Fans of the ritzy Beverly Hills Bistro restaurant may have prematurely toasted its planned expansion into the San Fernando Valley.

State Department of Alcoholic Beverage Control officials said Monday the agency may have to rescind a liquor license issued three months ago for the Bistro’s newest location at a $15-million shopping center under construction in Studio City.

State officials said the agency erred in issuing the license before a required conditional-use permit was approved for the shopping center by Los Angeles zoning officials.

“We may have to back that application up to the point where the issuance is retrieved or cancelled,” said Manuel Espinoza, deputy director of the beverage control department.


Obeying Law

“It’s an unusual situation,” he said. “We’re trying to address the problem. The law says the department cannot issue a license when it’s in violation of local laws.”

The state’s reevaluation was hailed as a victory by leaders of the Sherman Oaks Homeowners Assn., which has doggedly opposed the sale of liquor at the proposed Bistro Garden restaurant.

The luxury dining establishment is expected to be the centerpiece of the new Center at Coldwater shopping mall at Ventura Boulevard and Coldwater Canyon Avenue.


But nearby residents have complained that their neighborhood would suffer if intoxicated patrons leave the Bistro Garden and drive on nearby residential streets.

Homeowners unsuccessfully fought the mall’s conditional-use permit on June 9 at a hearing conducted by a city zoning administrator. Eleven days later, residents appealed the matter to the city’s Board of Zoning Appeals.

Unaware of the appeal, the state control board issued the liquor license to the Bistro Garden on June 24.

“I erred,” said F.J. (Jim) Smith, the beverage control district administrator in Van Nuys who issued the license. “I was not aware that the city permit had been appealed.”

Homeowners said they were shocked to learn of the liquor license on Sept. 20, when their protest was taken up by the Board of Zoning Appeals.
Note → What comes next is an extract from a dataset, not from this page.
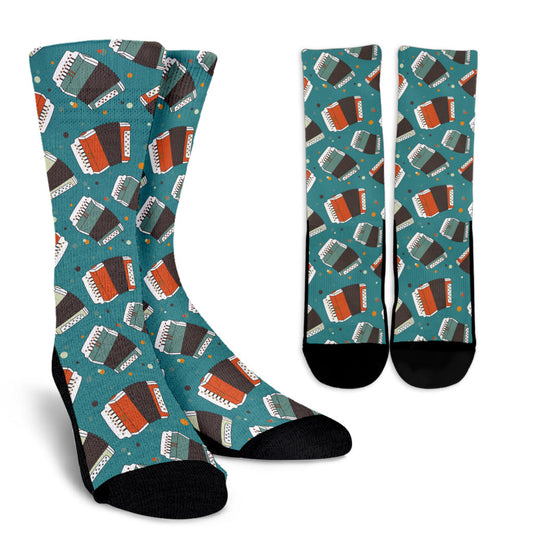 Accordion Pattern Print Design 02 Crew Socks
On that day, the board voted 3 to 0 to authorize the conditional-use permit--provided the Bistro Garden agreed to restrict its operations and submit to periodic liquor-service reviews by the city during the next six years.

Although homeowners expressed satisfaction with that action at the time, they now say they intend to protest the zoning agency’s vote to the City Council. That appeal process would continue to invalidate the state liquor license.

“All we know is we want the right to go through the city’s procedure with fairness to the community and to the residents’ concerns,” said Rose Elmassian, a Sherman Oaks homeowner who has led the fight against the liquor license.

“The neighborhood is pulling together stronger now that they know there are laws to protect us.”


Bistro Garden officials could not be reached for comment Monday. They previously acknowledged that the sale of liquor was mandatory to make their new restaurant a success.

But Center at Coldwater developer Herbert Piken termed the lastest roadblock “ridiculous.” Piken said 1,500 people gathered Sunday at the Bistro in Beverly Hills to celebrate the restaurant’s 25th anniversary and the planned expansion to Studio City.

The protests are “a disgrace, an insult” to the Bistro’s operators, who hope to open their Studio City restaurant in March, Piken said.

State officials said revocation of the Bistro Garden liquor license could trigger a court fight. They said Bistro officials paid $20,000 to purchase and transfer the license from a defunct West Los Angeles restaurant called Compari’s on the basis of the state board’s June 24 action.